Our lesson with the master — which happened, fittingly, on World Kiss Day — began with a simple kiss or, as Cane put it, our “first lip contact.” My boyfriend and I stood face-to-face and smooched, gently rubbing noses. Apparently, we were too gentle. “A little nose fighting!” Cane coached. “Like the Eskimos!” We progressed to three French kissing techniques: flicking tongues, making circular motions with our tongues, and pushing each other’s tongues back and forth.

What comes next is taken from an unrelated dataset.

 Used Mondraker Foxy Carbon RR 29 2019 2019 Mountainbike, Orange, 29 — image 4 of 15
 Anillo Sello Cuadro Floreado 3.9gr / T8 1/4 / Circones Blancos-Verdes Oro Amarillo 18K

But beware of turning a French kiss into a penetrating tongue probe: “One error to avoid is to go too far back,” we were warned, as Kale and I played a self-conscious game of tonsil hockey. “You don’t want to trigger the gag reflex.” How long should a French kiss last? I asked the instructor. “A minute. Two minutes. Some teenagers say five minutes.”

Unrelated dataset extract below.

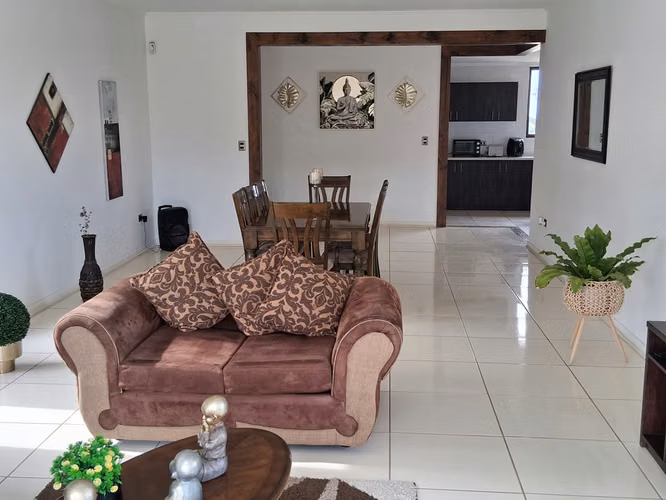 Exclusiva Casa en Los Laureles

I had naïvely assumed there were only two types of kissing — the regular and the French kind — or maybe four types, if you count Eskimo and butterfly kisses. But Cane’s book suggests 30 different ways to kiss your lover, all of them more or less PG-rated. (Hands go wandering if you’ve been kissing long enough, even with someone else in the room.) He came up with that number after surveying people about their kissing preferences for the book. But truthfully, 30 different kisses is an exaggeration: It’s more like 30 different kissing scenarios that a couple acts out together. We tried all but one of the kisses standing in Cane’s living room, as his wife and 5-year-old daughter scurried around elsewhere in the house, granting us much-needed privacy. Swapping spit in front of a 60-year-old near-stranger was awkward enough, but it actually never felt creepy; Cane is as harmless as one of the teddy bears on his shelf.
My boyfriend and I went for the “machine gun kiss,” where we pecked at each other’s lips rapid-fire — which I dismissed as silly and unromantic. We did the “Hollywood kiss,” where we stood at the foot of a staircase and I leaned back helplessly in Kale’s arms like we were Scarlett O’Hara and Rhett Butler in Gone With the Wind. We did one Cane called the “Asian kiss,” where we pressed lips without puckering up, looking left and right after each kiss to make sure no one was watching us. (Asians, we were told, are more shy about public physical affection.)
The “Trobriand Islands Kiss” — named for the South Sea Islands, where “everyone does it” — would entail biting each other’s lips until we draw blood, pulling each other’s hair, and then nibbling each other’s eyelashes off. “In the South Pacific, it’s actually a status symbol to have short eyelashes, because it shows you’re popular,” Cane claimed.
That’s the one we skipped.
Instead, Kale and I spent a lot of time on ear kisses and neck kisses, which Cane found were favorites among women in his surveys. Men really like it, according to the same research, when a partner bites down on his pointer finger before kissing it. Cane has other theories, too: More than a few kisses involved Kale role-playing as different fantasy men — mostly, I was informed, for my stimulating benefit. “Guys have their own fantasy, like of loose women. That’s easy to accommodate,” Cane noted. Instead, Kale gamely role-played a dentist, a golf instructor, a “bad boy,” a teacher (“She goes straight to heaven; he goes straight to jail!”), and a man named Joe I’m cheating on my husband with.
Despite the adultery jokes, Kale and I felt more intimately connected now that we know, in great detail, each other’s most desired kisses. Like 96 percent of women, according to Cane’s survey, I do prefer to be kissed on my neck.
But otherwise, my kissing technique — a little lip balm, a little tongue, a little spit — is very much the same as before the $155 kissing lesson. At least I found a new dentist.